What you will do: What do the lines from the one containing "HERMES Sac Herbag" through the end of the listing below say? Restate them word for word and give nothing else.

Entries supplied:
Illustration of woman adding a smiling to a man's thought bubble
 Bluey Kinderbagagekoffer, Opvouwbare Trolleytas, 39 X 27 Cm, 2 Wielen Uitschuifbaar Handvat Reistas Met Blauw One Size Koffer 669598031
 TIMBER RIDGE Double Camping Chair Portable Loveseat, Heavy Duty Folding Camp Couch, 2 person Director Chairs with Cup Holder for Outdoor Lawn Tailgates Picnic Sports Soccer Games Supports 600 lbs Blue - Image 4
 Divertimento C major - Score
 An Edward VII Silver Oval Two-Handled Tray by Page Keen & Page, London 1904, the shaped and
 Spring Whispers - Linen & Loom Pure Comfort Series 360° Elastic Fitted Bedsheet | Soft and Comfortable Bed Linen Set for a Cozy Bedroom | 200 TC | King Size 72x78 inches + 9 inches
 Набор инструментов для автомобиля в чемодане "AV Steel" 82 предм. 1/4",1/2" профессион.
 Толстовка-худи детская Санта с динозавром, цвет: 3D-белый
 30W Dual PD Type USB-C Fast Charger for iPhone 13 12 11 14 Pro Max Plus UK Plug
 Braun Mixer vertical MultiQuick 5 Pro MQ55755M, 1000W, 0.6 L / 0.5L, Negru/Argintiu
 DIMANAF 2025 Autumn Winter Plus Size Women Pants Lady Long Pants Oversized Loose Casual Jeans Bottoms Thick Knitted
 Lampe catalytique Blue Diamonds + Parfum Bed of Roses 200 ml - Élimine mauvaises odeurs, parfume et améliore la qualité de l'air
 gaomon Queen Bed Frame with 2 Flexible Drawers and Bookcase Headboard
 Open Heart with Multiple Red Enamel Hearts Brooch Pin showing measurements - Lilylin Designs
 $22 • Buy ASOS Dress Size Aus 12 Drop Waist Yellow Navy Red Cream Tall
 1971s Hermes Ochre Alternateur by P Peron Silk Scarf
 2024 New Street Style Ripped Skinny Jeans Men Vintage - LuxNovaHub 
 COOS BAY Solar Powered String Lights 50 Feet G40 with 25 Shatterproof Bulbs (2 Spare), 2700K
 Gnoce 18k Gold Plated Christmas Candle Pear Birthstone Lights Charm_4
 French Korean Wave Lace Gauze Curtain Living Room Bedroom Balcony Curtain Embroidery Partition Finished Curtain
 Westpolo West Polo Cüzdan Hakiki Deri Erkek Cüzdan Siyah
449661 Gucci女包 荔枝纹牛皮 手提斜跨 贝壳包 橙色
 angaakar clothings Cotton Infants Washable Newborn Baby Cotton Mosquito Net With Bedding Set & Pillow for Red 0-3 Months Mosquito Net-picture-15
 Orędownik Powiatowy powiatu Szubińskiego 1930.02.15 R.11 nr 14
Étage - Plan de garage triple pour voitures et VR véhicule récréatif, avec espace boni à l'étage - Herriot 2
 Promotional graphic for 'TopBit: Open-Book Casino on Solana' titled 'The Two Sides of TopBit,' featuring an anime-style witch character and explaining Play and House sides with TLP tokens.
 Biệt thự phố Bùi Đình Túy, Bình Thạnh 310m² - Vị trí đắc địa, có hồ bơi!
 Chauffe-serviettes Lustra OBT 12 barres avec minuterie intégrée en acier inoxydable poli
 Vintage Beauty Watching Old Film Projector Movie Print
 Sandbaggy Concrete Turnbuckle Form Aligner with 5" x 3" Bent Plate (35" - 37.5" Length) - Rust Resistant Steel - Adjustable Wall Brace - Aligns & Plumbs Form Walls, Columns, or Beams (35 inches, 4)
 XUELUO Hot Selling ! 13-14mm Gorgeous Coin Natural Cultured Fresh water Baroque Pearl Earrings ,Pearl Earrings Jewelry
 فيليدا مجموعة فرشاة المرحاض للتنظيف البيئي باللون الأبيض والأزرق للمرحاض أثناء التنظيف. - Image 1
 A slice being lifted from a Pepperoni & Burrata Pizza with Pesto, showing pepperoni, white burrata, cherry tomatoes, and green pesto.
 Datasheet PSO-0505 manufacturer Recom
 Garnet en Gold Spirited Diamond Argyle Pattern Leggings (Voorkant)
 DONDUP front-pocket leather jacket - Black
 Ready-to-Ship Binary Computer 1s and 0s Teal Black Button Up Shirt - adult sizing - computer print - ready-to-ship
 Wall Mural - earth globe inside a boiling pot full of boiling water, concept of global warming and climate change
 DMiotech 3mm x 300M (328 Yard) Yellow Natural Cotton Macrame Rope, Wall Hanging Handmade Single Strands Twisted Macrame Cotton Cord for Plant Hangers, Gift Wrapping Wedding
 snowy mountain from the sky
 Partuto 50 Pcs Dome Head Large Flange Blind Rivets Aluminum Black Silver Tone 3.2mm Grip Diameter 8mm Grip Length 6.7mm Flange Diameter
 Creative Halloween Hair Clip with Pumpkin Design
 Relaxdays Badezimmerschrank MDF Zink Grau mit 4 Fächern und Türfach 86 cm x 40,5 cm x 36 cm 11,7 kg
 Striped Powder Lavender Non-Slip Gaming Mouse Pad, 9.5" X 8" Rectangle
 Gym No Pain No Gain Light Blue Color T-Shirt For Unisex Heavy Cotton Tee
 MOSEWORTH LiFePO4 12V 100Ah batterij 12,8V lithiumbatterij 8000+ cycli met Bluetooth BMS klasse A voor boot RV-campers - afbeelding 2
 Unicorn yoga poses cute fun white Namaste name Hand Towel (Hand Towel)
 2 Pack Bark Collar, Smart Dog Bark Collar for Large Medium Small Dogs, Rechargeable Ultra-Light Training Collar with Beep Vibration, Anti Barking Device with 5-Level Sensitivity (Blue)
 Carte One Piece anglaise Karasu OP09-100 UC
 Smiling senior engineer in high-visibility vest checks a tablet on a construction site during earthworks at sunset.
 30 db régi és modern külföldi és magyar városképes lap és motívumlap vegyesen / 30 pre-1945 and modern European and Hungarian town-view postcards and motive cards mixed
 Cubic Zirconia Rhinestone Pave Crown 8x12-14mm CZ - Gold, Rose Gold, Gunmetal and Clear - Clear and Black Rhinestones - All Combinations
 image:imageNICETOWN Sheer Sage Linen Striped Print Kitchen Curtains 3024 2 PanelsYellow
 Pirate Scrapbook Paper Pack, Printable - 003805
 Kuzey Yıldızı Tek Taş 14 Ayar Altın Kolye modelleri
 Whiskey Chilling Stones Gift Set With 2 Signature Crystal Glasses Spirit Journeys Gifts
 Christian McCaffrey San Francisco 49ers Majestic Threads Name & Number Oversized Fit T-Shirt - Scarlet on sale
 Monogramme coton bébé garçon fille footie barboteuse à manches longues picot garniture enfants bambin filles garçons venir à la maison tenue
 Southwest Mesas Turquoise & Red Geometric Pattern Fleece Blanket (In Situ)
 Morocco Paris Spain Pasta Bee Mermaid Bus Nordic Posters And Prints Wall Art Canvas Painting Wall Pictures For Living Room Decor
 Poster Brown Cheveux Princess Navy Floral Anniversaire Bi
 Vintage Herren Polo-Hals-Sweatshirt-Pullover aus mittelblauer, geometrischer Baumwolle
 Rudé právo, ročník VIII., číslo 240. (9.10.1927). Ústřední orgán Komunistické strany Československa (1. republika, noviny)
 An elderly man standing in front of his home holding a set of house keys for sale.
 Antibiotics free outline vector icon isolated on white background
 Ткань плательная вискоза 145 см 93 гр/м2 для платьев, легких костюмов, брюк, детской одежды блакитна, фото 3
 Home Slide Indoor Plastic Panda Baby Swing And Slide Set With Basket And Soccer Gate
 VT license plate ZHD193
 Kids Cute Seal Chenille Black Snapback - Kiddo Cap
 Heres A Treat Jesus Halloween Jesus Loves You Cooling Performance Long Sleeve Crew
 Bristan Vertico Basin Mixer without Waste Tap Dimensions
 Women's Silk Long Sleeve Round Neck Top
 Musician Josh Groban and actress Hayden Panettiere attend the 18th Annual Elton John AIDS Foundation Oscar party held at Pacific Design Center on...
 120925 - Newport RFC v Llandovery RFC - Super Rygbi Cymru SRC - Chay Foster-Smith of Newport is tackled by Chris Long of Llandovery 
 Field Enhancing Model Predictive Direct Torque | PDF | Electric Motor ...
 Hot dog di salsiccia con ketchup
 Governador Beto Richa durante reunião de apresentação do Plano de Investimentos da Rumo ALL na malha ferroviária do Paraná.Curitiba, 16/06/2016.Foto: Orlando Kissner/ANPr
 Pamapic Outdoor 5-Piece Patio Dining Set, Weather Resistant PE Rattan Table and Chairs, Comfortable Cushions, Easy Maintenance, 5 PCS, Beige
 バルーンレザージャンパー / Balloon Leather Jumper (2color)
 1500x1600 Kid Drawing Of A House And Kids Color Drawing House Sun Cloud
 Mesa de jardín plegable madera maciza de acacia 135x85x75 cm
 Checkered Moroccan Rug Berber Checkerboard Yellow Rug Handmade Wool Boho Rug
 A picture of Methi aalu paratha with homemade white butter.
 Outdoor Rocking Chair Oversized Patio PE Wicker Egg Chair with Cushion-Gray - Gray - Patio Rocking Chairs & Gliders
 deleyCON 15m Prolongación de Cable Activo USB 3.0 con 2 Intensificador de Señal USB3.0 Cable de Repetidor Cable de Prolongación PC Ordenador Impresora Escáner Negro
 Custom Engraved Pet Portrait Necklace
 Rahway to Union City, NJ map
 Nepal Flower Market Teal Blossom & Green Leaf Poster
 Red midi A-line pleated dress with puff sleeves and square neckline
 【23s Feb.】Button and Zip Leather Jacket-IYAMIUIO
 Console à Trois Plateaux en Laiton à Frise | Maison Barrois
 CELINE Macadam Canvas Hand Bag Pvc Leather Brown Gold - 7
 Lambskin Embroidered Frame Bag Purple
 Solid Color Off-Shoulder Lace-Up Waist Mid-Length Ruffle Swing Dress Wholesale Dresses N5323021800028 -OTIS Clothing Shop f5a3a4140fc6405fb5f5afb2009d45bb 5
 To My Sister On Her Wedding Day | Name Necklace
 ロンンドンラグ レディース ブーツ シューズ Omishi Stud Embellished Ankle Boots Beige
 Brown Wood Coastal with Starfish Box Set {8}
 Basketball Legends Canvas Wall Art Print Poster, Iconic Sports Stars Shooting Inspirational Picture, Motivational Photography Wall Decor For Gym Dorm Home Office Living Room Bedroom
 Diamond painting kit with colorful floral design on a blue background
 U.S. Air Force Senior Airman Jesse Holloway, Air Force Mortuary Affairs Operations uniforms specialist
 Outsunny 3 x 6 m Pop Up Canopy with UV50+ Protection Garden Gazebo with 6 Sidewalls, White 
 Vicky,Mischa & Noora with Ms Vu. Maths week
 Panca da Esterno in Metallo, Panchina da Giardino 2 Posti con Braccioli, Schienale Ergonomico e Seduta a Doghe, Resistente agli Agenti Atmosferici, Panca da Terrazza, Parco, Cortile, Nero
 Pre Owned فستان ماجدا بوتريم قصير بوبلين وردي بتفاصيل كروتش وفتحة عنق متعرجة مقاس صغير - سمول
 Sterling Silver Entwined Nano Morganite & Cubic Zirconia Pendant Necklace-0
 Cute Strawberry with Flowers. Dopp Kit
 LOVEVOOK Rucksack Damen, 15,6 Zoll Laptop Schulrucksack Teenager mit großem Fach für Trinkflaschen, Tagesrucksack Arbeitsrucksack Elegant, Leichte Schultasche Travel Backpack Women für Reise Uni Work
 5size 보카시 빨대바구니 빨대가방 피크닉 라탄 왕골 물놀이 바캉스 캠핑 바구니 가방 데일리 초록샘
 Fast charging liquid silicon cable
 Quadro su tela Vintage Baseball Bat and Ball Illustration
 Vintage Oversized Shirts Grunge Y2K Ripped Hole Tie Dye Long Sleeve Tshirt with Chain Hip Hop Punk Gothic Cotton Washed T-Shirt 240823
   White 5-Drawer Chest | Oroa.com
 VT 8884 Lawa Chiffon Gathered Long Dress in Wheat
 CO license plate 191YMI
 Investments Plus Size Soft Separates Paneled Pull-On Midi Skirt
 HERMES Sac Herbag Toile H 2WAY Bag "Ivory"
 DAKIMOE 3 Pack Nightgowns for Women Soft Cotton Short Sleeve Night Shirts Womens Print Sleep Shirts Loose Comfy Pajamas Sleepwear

Reply:
 HERMES Sac Herbag Toile H 2WAY Bag "Ivory"
 DAKIMOE 3 Pack Nightgowns for Women Soft Cotton Short Sleeve Night Shirts Womens Print Sleep Shirts Loose Comfy Pajamas Sleepwear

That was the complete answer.